Waylon Jennings' Widow Talks 'Last Recordings' & Movie Progress

By Chuck Dauphin
Billboard
September 28, 2012


Ask Jessi Colter about the first time she ever saw Waylon Jennings, and she remembers well. "I had gone in the studio to put down a song. I was married to Duane Eddy at the time. I had some songs done by Chet Atkins at RCA, and Duane said 'Why don't do a demo for Waylon?'  We did a song together called 'Living Proof' that never came out. I thought he was a nice man," she recalls.

In his 1996 autobiography, Jennings remembers as Colter was leaving the studio, she turned around and looked at him, "I did look back, but it wasn't anything seductive or anything like that," she says adding that "We didn't see each other again for about two years. He had divorced and I was divorcing. That's when things started." The two married in October 1969, and enjoyed one of the strongest marriages in country music history until Jennings' death in February 2002.
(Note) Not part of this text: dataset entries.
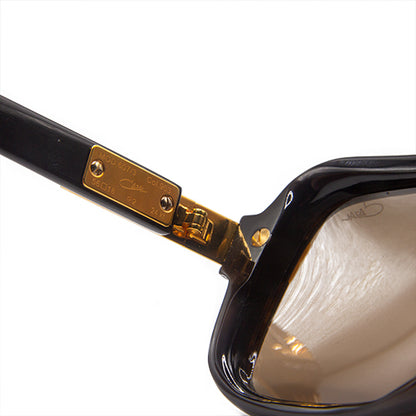 CAZAL Legends 607/3 Col.903 Limited Edition Buffalo Horn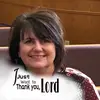 Sharon Nelson McClellan - @sharonnelsonmccle - TikTok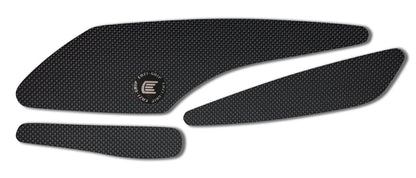 Kit adesivi antiscivolo paraserbatoio MV Agusta F 3 675/800 2013 - ENDURRAD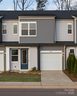 8012 Lerwick Trail sold home in Charlotte, SC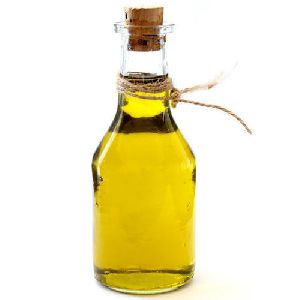 sugandh mantri essential oil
Colter was in Nashville recently to talk about "Goin' Down Rockin - Waylon Jennings: The Last Recordings," released this week on Saguaro Road. Recorded in 1999, she says that the recordings were made at a time when Jennings' restless spirit overtook him. "I remember the night," she told Billboard. "He hadn't been feeling well, and the doctor ordered him to stop touring for a short time. He drove down to (band member) Robby Turner's and said 'I'm going to put a few things down.' That's all I knew about it. I didn't have a list of what he cut. It was a surprise when Robby showed me the mixes of what was in there. He pulled out a couple of the tracks for the tribute albums that we have [released] and they sounded great. I don't know if it was a period where he was unsure of what he was going to do next, but it was very special. He was feeling something that night. Robby asked Waylon if he just wanted to put down demos or leave the tracks open. He said, let's put it to 24-track, so it can be finished."
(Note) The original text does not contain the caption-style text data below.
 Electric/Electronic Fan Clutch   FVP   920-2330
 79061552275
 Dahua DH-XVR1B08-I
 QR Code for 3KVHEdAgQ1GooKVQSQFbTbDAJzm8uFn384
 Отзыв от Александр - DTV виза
The album is a very eclectic mixture of sounds - almost as diverse as the crowd that followed him, Colter says. "'Wrong Road To Nashville' is so cajun, and 'I Do Believe' is such a heartfelt and expressive view of his relationship with God. Waylon had that thing in him that was so believable when he was explaining how he felt. It was like he had a gear that was tuned to people. His crowds were a mix. There were doctors, lawyers and hoodlums and hippies, a lot of different people at his shows."

Jennings himself was a mixture, Colter allows. Though some perceived him as an "Outlaw," most who knew him well said he was quite the opposite. "He was very warm. Even though he was very strong in his principles, he had a great sense of humor. He didn't want to get serious except with his work or playing cards. He had a working man mentality.  He was working in the fields picking cotton at age ten. He loved talking to the working people, and he never thought himself above it. He was the same at the Ritz Hotel in Paris as he was at the Holiday Inn. He always wanted people to feel comfortable."

Colter also discussed the ways that she and son Shooter are trying to keep Jennings' memory alive. "Shooter is setting up the new website, which features some beautiful merchandise. He's also co-producing a movie. Everything isn't lined up just yet, but it's in the works. We have a lot of things coming up. Waylon was a dark horse and a mystery. There's a lot people didn't know about him, and we're looking forward to sharing him with the world in every way we know possible."